Not too long after some 15,000 U.S., British, and Afghan national forces launched the largest attack on Taliban forces since President Obama signed orders to send 30,000 additional U.S. troops to Afghanistan, news broke of the arrest of the second most senior Afghan Taliban commander since 2001, Mullah Abdul Ghani Baradar.
According to officials, he was seized in a secret raid in Pakistan several days ago by U.S. and Pakistani intelligence forces. His capture reflects a markedly changed attitude by Pakistani intelligence toward an insurgent force that the country had allowed to operate with relative impunity for the past eight years.
Stunned by the success of this operation, however, a Taliban spokesman denied reports of Mullah Baradar's capture, saying he was still in Afghanistan, actively organizing the group's military and political activities.
"Mullah Baradar has not been arrested, he is in Afghanistan, I don’t know who spread the rumor, but it’s absolutely false,” Qari Mohammed Yousef, a spokesman for the Taliban, said in a statement.
Meanwhile, the Pakistani media's response to the arrest of Mullah Baradar has been surprisingly muted.
The arrest made international headlines throughout the day this past Tuesday. But Pakistani newspapers and television channels barely covered the news, with some completely ignoring it. Analysts say the blackout was because Pakistan's government and army have been wary of being perceived as an American lapdog.
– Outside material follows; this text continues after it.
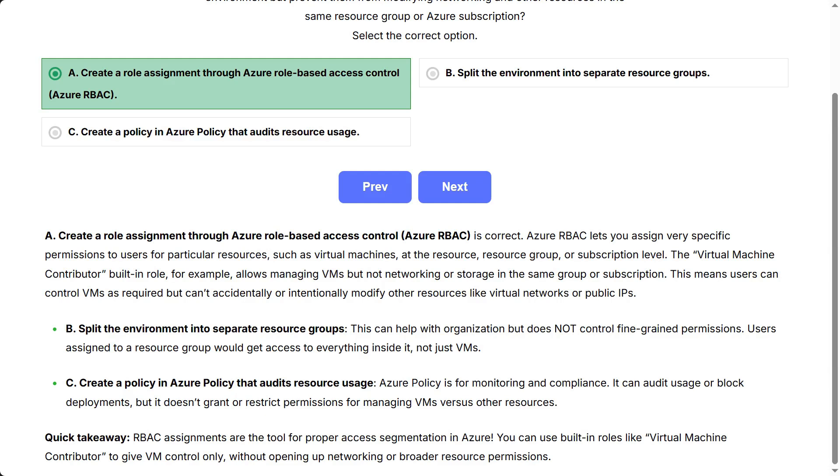The virtual machine contributor built-in role, for example, allows managing VMs but not networking or storage in the same group or subscription. This means users can control VMs as required, but can't accidentally or intentionally modify other resources like virtual networks or public IPs.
Any collaboration with the U.S. in its "war on terror" in Afghanistan has become increasingly unpopular in Pakistan since Asif Ali Zardari’s government took power in 2008.
The U.S. and Afghanistan have repeatedly pressed Pakistan to do more to combat Taliban and al-Qaeda fighters operating in its territory. But Pakistan's spy agencies have long been accused of protecting top Afghan Taliban leaders, many of whom are believed to have fled to Pakistan during the U.S.-led invasion, in order to use them as tools to counter Indian influence in Afghanistan when the Americans withdraw.
"If Pakistani officials had wanted to arrest him, they could have done it at any time," said Sher Mohammad Akhud Zada, the former governor of Afghanistan's Helmand province and a member of the Afghan parliament in an interview on Al Jazeera. "Why did they arrest him now?"
Many analysts believe that the Pakistani government has realized that the Taliban is a serious threat to them since an all-out war between the Pakistani army and the Taliban broke out in Swat Valley last year, leaving many civilians dead and hundreds of thousands displaced.
“The honeymoon is over,” commented Iftikhar Mohammed, a freelance reporter and an expert on Pakistani affairs. According to him the Pakistani intelligence apparatus and the army have been complacent in the past in curbing the terrorist activities of both the Taliban and al-Qaeda.
What could this mean for the hunt for Osama bin Laden, who is often said to be hiding along the Pakistan-Afghanistan border?
The answer depends on the information Baradar provides to interrogators in the coming few days.
Baradar was the main link between Mullah Omar and field commanders, and knows of the whereabouts of the Taliban leadership, according to security experts. In 1998, the Taliban regime mulled turning bin Laden over to the Saudi government, but the man who Osama bin Laden once called, “Amir al-Mu’minin”, or Commander of the Faithful, interceded.
U.S. Secretary of State Hillary Clinton has recently said that while the United States backed the Taliban integration program, the offer did not include the group’s top leadership. Earlier, in late January, Geoff Morrell, spokesman for U.S. Defense Secretary Robert Gates, suggested that the United States could not negotiate with Mullah Omar because he has "the blood of thousands of Americans on his hands.”
Could the capture of Mullah Baradar create a domino effect and deliver the beginning of the end of bin Laden, or is this going to be a Tora Bora redux…another wasted opportunity?